Creating Frequency Table in Python
Python is one of the most popular programming languages used by data analysts and data scientists. It offers a wide array of libraries and functions that are useful in data manipulation, exploration, and analysis.
One of these libraries is the Pandas library, which provides powerful tools for data analysis. One of the crucial steps in data exploration is to create a frequency table.
A frequency table is a table that shows the number of times that each unique value in a dataset occurs. In this article, we will look at how to create frequency tables in Python using the value_counts()
and crosstab()
functions.
Using value_counts()
Function
The value_counts()
function in Pandas is a straightforward and easy way to create a frequency table. It takes a Pandas Series object as input and returns a Pandas Series object that contains the counts of unique values in descending order.
Let’s consider an example where we have a dataset that contains the grades of students in a school:
import pandas as pd
# create a dataframe containing student grades
df = pd.DataFrame({
'name': ['Alice', 'Bob', 'Charlie', 'Dave', 'Eve', 'Frank'],
'grade': [70, 80, 90, 70, 80, 90]
})
# create frequency table
freq_table = df['grade'].value_counts()
print(freq_table)
Output:
90 2
80 2
70 2
Name: grade, dtype: int64
As you can see from the output, the value_counts()

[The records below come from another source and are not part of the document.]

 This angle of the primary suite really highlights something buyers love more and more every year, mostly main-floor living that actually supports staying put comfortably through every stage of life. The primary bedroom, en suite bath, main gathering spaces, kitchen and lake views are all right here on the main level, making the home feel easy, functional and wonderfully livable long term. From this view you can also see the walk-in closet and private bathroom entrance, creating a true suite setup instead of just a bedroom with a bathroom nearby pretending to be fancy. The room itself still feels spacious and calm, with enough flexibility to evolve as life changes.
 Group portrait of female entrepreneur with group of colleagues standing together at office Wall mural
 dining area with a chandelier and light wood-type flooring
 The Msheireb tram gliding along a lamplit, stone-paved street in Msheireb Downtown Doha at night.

function has created a frequency table for us, showing the number of occurrences of each unique value in the grade column.
Using crosstab()
Function
The crosstab()
function in Pandas is another useful tool for creating frequency tables. The crosstab()
function takes two or more Pandas Series objects as input and returns a Pandas DataFrame object that contains the frequency of the combinations of values in the input Series objects.

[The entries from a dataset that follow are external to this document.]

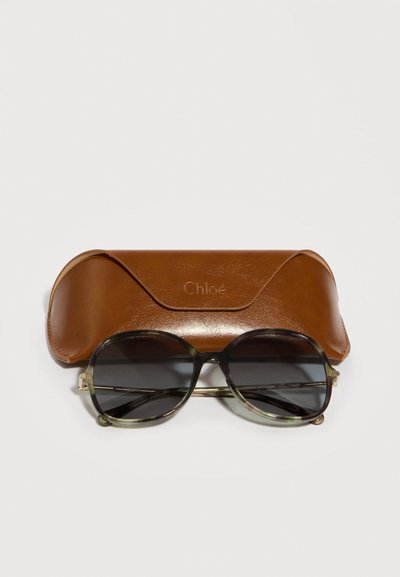 Καφέ δερμάτινη θήκη γυαλιών ηλίου Chloé με υπερμεγέθη γυαλιά ηλίου με σκούρους φακούς, που διαθέτουν λεπτούς μεταλλικούς βραχίονες τοποθετημένα μπροστά.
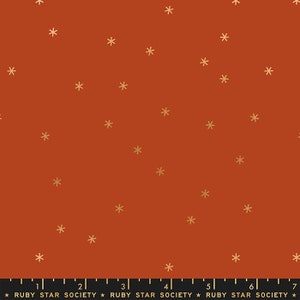 May include: A rust-colored fabric with a repeating pattern of small gold stars.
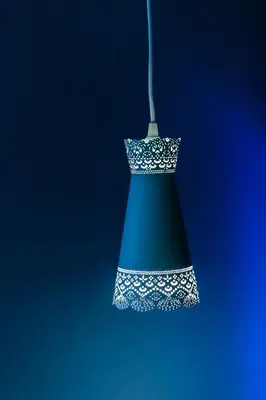a green christmasuble with white lace on a string at Beautiful best location apartment 
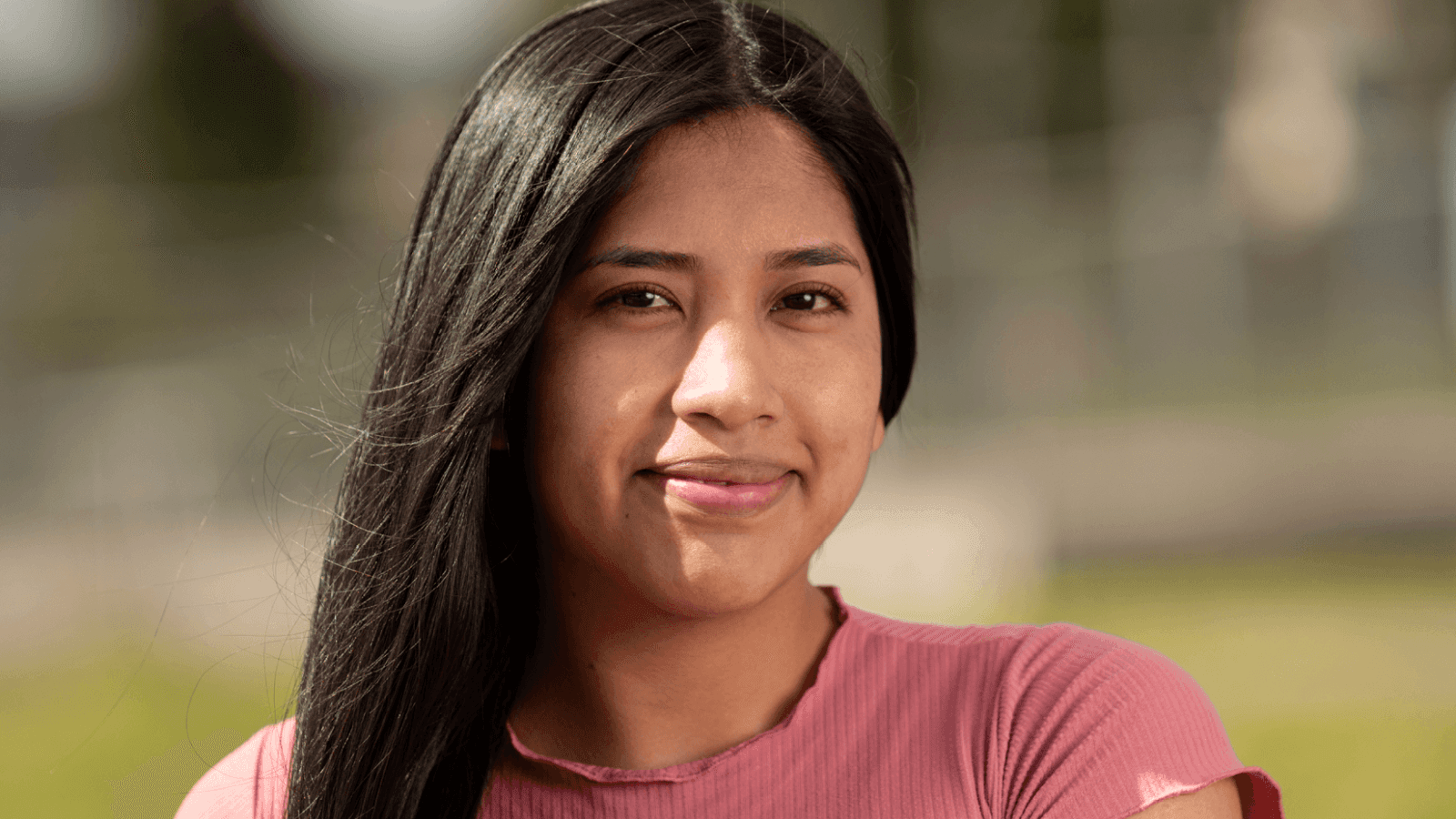 Teen girl with dark features smirking at the camera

Let’s consider an example where we have a dataset that contains the age and grade of students, and we want to create a frequency table of the two variables:
import pandas as pd
# create a dataframe containing student ages and grades
df = pd.DataFrame({
'age': [18, 19, 20, 18, 19, 20],
'grade': [70, 80, 90, 70, 80, 90]
})
# create frequency table
freq_table = pd.crosstab(df['age'], df['grade'])
print(freq_table)
Output:
grade 70 80 90
age
18 2 0 0
19 0 2 0
20 0 0 2
The output shows a two-way frequency table with the count of the number of students in each age group and grade group.
Advance Frequency Tables (2-way Tables)
In data analysis, we often need to create two-way frequency tables to examine the relationship between two variables. A two-way frequency table is a table that shows the frequency of the joint distribution of two categorical variables.

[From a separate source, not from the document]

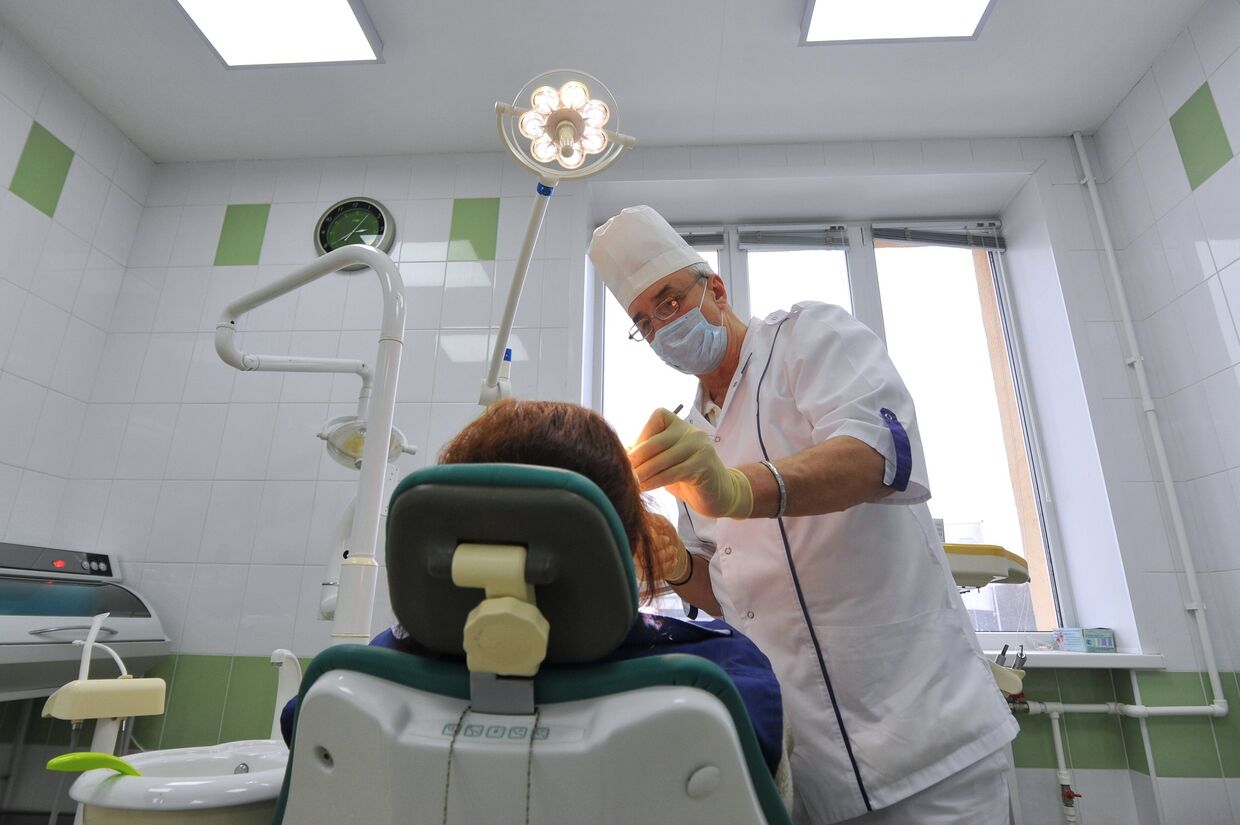 Хирург-стоматолог во время приема пациента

In Python, we can create a two-way frequency table using the crosstab()
function.
Creating a Two-way Frequency Table for Two Columns
Let us consider an example of creating a two-way frequency table for two columns using the crosstab()
function. Suppose we have a dataset containing the grades of students in a school and the corresponding grade level.
import pandas as pd
# create a dataframe containing student grades and grade level
df = pd.DataFrame({
'grade': [70, 80, 90, 70, 80, 90],
'grade_level': ['B', 'A', 'A', 'B', 'A', 'A']
})
# create a two-way frequency table
freq_table = pd.crosstab(df['grade'], df['grade_level'])
print(freq_table)
Output:
grade_level A B
grade
70 0 2
80 2 0
90 2 0
The output shows a two-way frequency table with the count of the number of students in each grade and grade level.
Creating a Two-way Frequency Table between Two Columns
Now let us consider an example of creating a two-way frequency table between two columns using the crosstab()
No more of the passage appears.